§ **EXERCISE PROMPT**
Write out the lines below exactly, beginning at the one with "Marvel 10cm White" and stopping after the one with "Sea Stars Beach"; the pictures are not copied.

§ **EXERCISE MATERIAL**
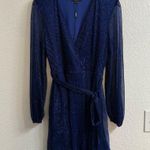 Bardot Bellissa long sleeve metallic minidress navy Lurex size Large (US 8) NWOT Photo 0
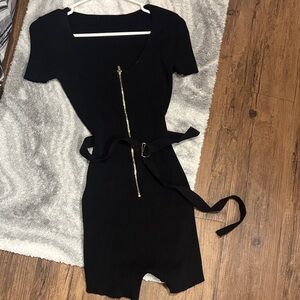 Black Short Sleeve Romper
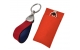 Schlüsselanhänger mit Leder rot - blau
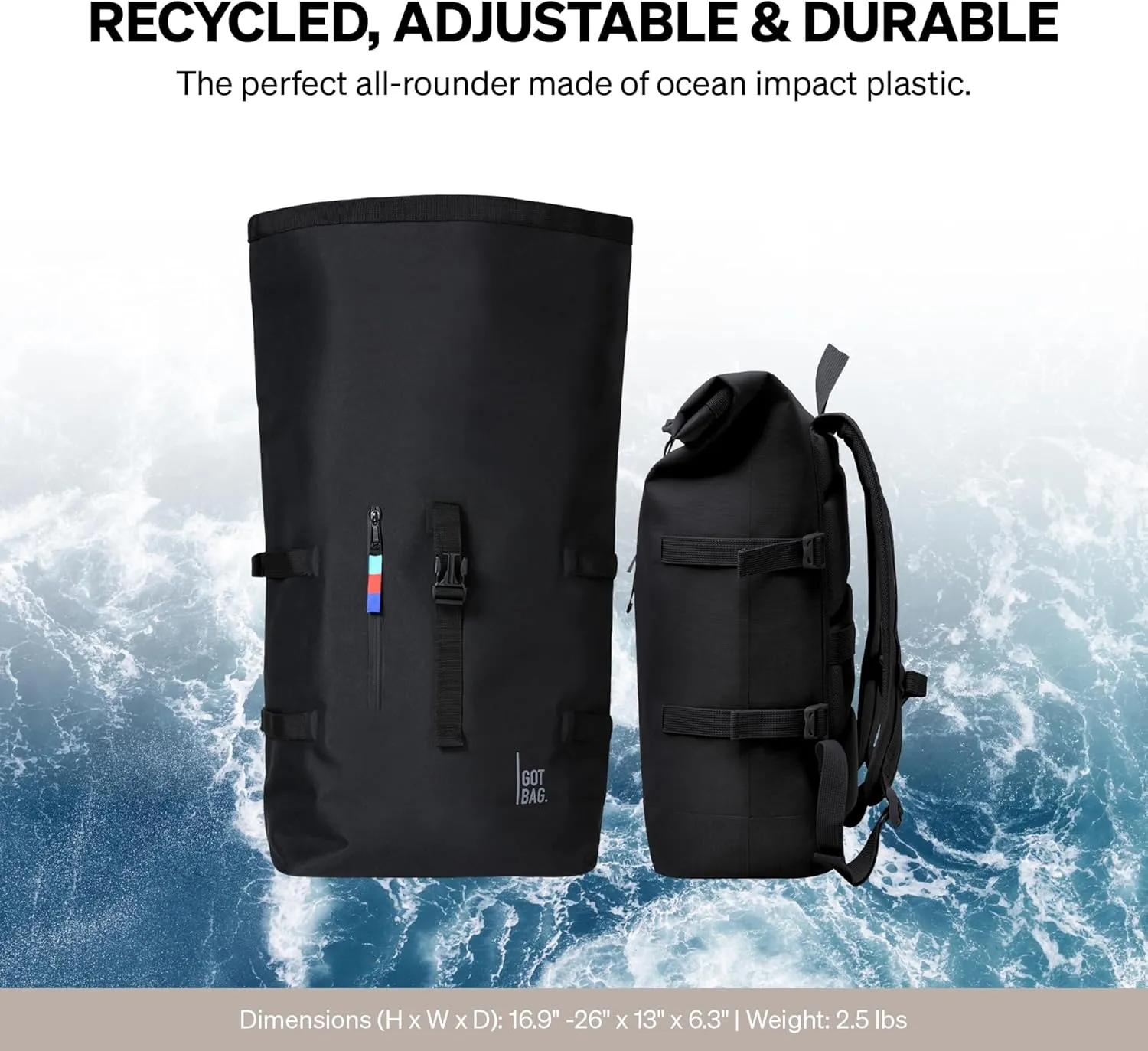 GOT BAG - ROLLTOP Backpack, Hiking & Travel with a 15” Laptop Sleeve, Eco-Conscious Bag Made of Recycled Ocean Impact Plastic™ (Shark Color)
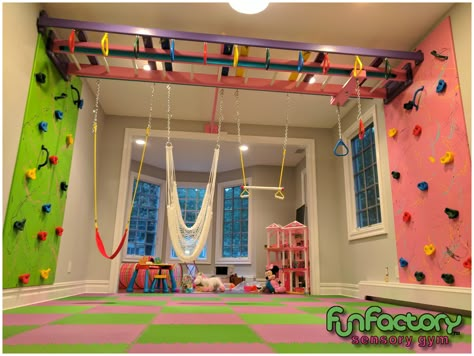 Home Sensory Gym, Sensory Gym At Home, Indoor Sensory Gym, Gym Family Room, Kids Gym Room, Sensory Kids Room, Kids Indoor Gym, Kids Playroom Basement, Kids Jungle Gym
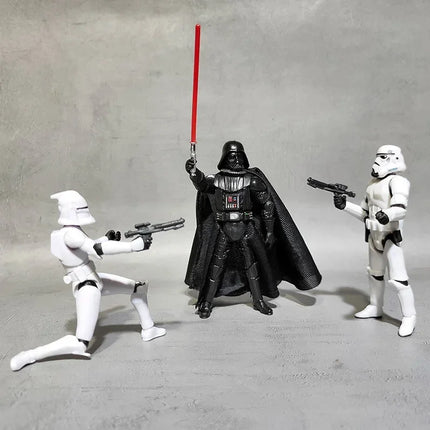 Marvel 10cm White Soldier Black Knight Star Wars Model Storm Ornament Joint Movable Laser Sword Figurine Toy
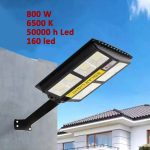 LED-es, napelemes, távirányítós utcai világítás,  fény-, és mozgásérzékelős udvari lámpa, 800W (BBV)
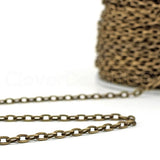 CleverDelights Cable Chain Spool - 30 Feet - Antique Bronze Color - 4x6mm Link - 10 Meters - Bulk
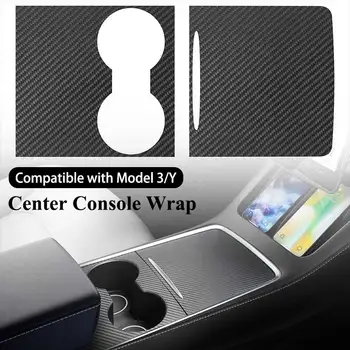 Compatível com a Tesla Modelo 3 Modelo Y 2021 Console Central Envoltório Kit de Fibra de Carbono Console de Cobertura de Decoração de Interiores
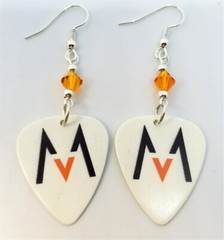 Maroon 5 Guitar Pick Earrings with Orange Swarovski Crystals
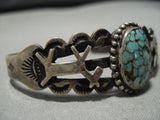 Amazing Early 1900's Vintage Native American Navajo Sterling Silver Spiderweb Turquoise Bracelet-Nativo Arts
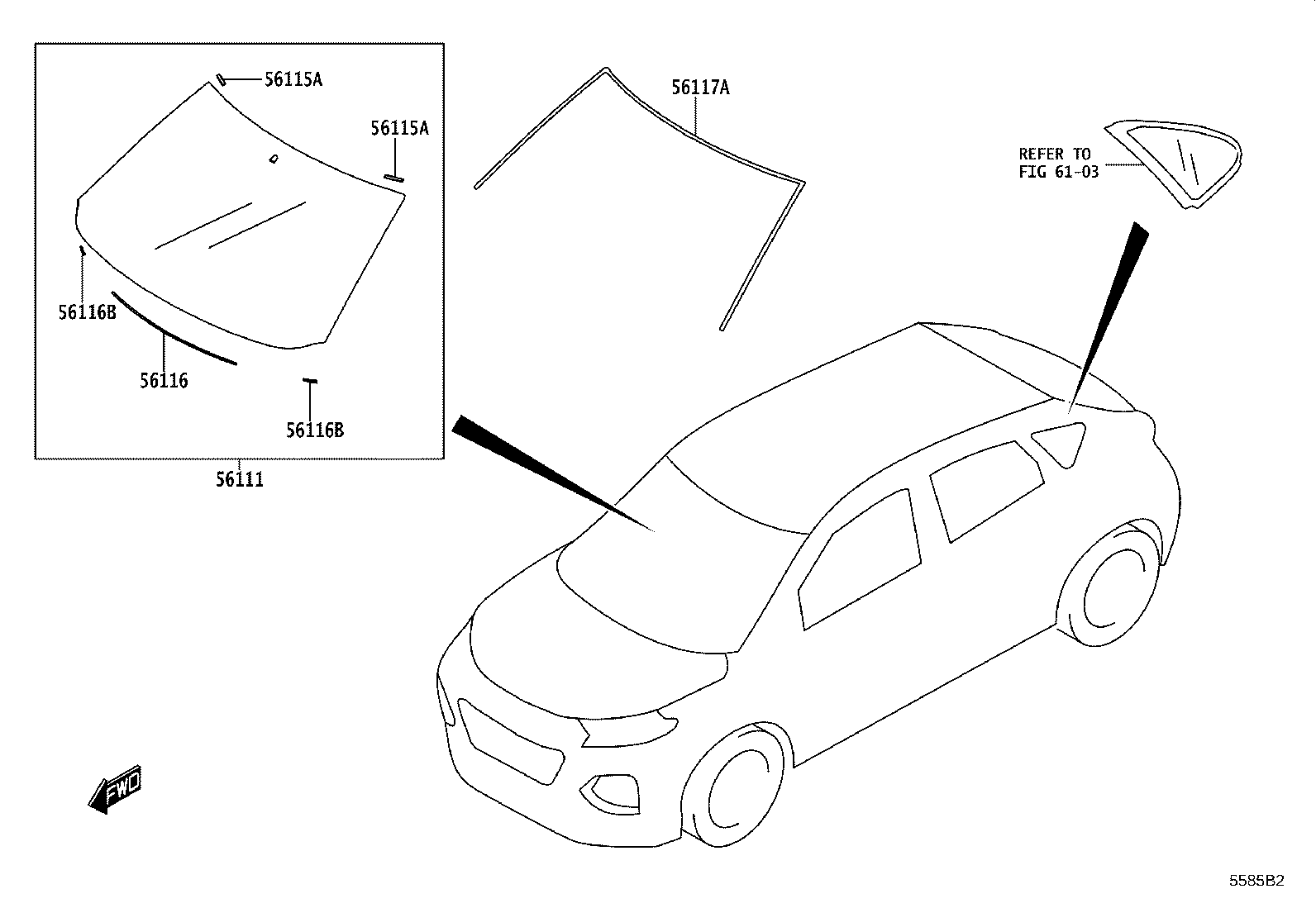 53866-WC012 SEAL, FRONT FENDER TO COWL SIDE, RH product image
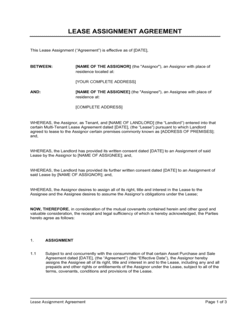 Business-in-a-Box's Lease Assignment Agreement Template
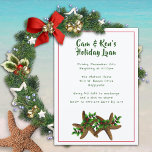 Sea Stars Beach Fête Invitation<br><div class="desc">Invitation de fête de Starfish pour une fête à domicile. Deux étoiles de mer aux feuilles saints et aux baies décorent le fond d'invitations plates et blanches. Les modèles de texte sont vert foncé avec une fine bordure rouge vif autour de la carte. L'inverse est également rouge vif. Cette invitation...</div>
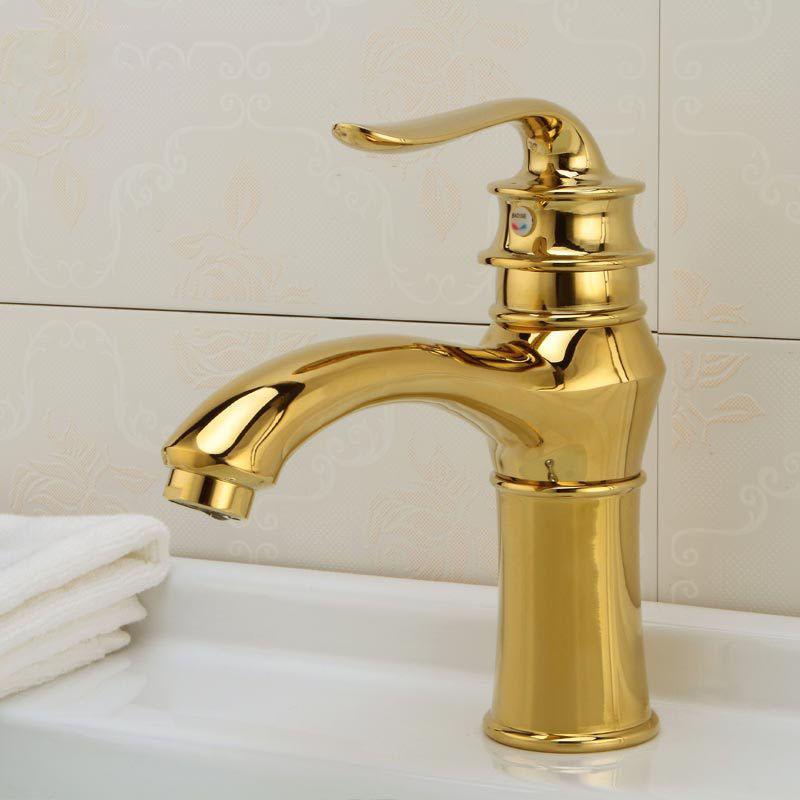 水龙头欧式全铜冷热盆面盆台上金色复古仿古加洗手卫生间高洗脸洗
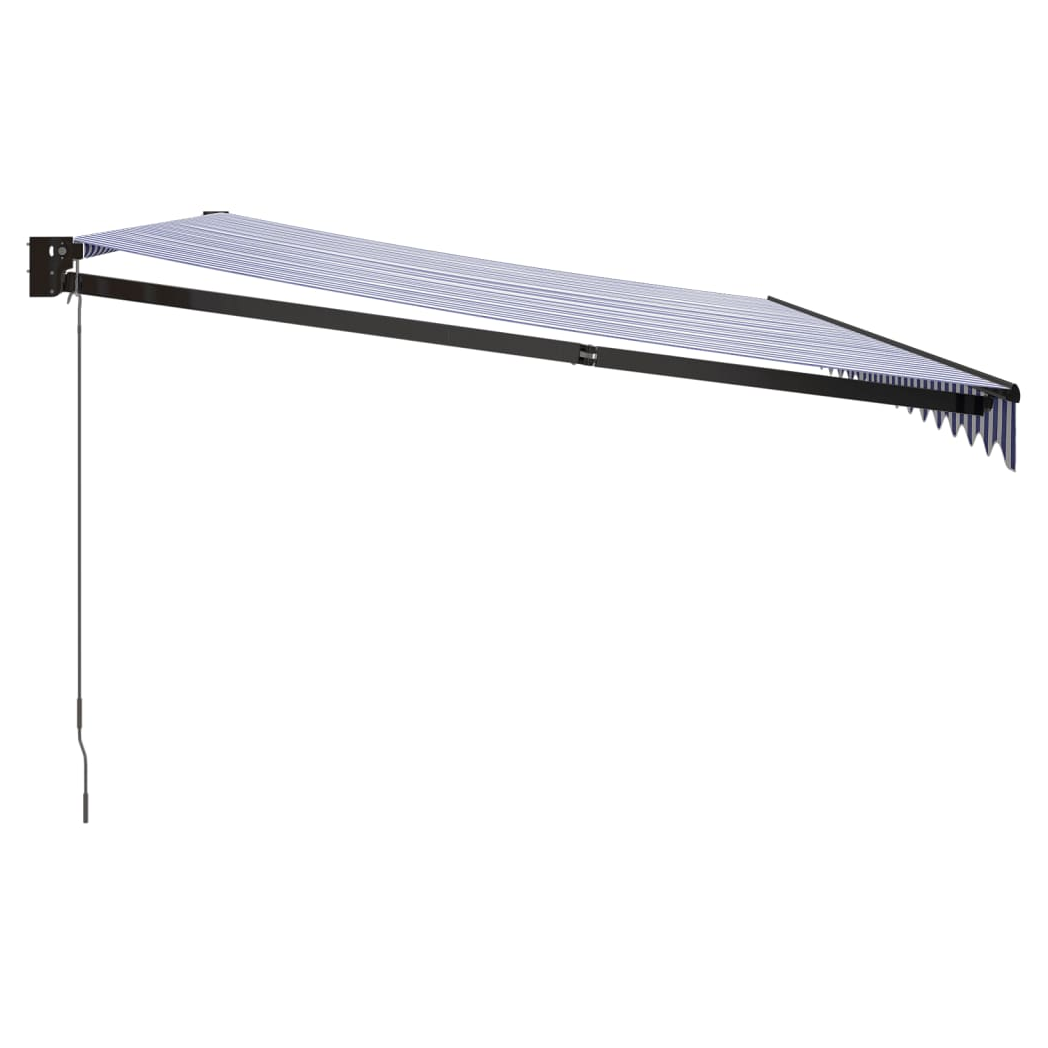 Retractable Awning Blue and White 5x3 m Fabric and Aluminium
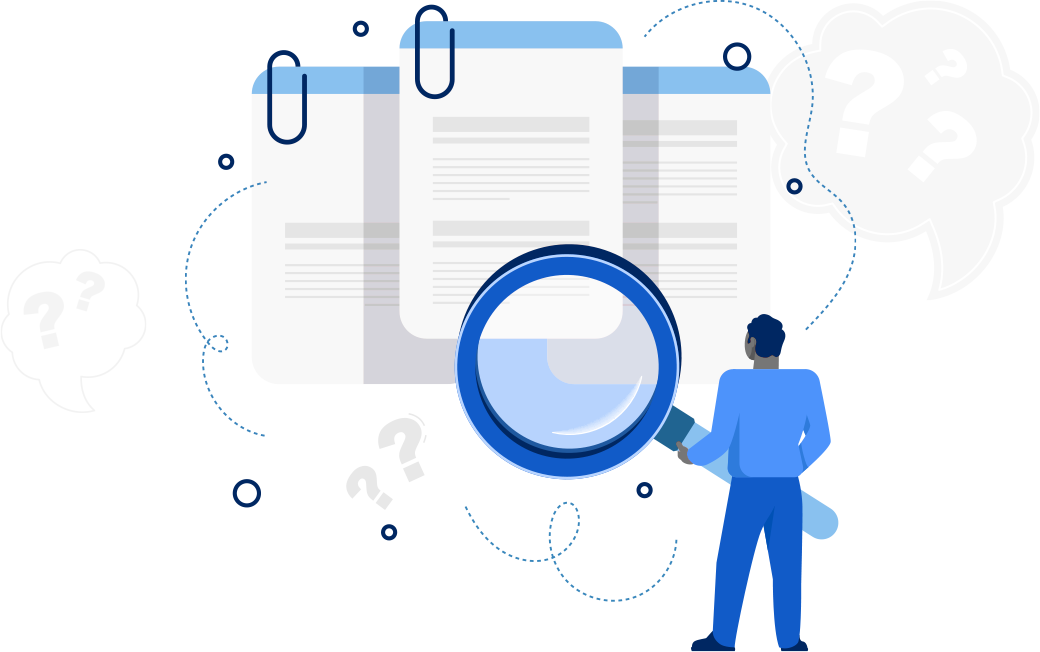 Blue figure examines a large magnifying glass over stacked documents and checklists.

§ **RESULT BELOW**
 Marvel 10cm White Soldier Black Knight Star Wars Model Storm Ornament Joint Movable Laser Sword Figurine Toy
 LED-es, napelemes, távirányítós utcai világítás,  fény-, és mozgásérzékelős udvari lámpa, 800W (BBV)
 CleverDelights Cable Chain Spool - 30 Feet - Antique Bronze Color - 4x6mm Link - 10 Meters - Bulk
 Compatível com a Tesla Modelo 3 Modelo Y 2021 Console Central Envoltório Kit de Fibra de Carbono Console de Cobertura de Decoração de Interiores
 Maroon 5 Guitar Pick Earrings with Orange Swarovski Crystals
 Amazing Early 1900's Vintage Native American Navajo Sterling Silver Spiderweb Turquoise Bracelet-Nativo Arts
 53866-WC012 SEAL, FRONT FENDER TO COWL SIDE, RH product image
 Business-in-a-Box's Lease Assignment Agreement Template
 Sea Stars Beach Fête Invitation<br><div class="desc">Invitation de fête de Starfish pour une fête à domicile. Deux étoiles de mer aux feuilles saints et aux baies décorent le fond d'invitations plates et blanches. Les modèles de texte sont vert foncé avec une fine bordure rouge vif autour de la carte. L'inverse est également rouge vif. Cette invitation...</div>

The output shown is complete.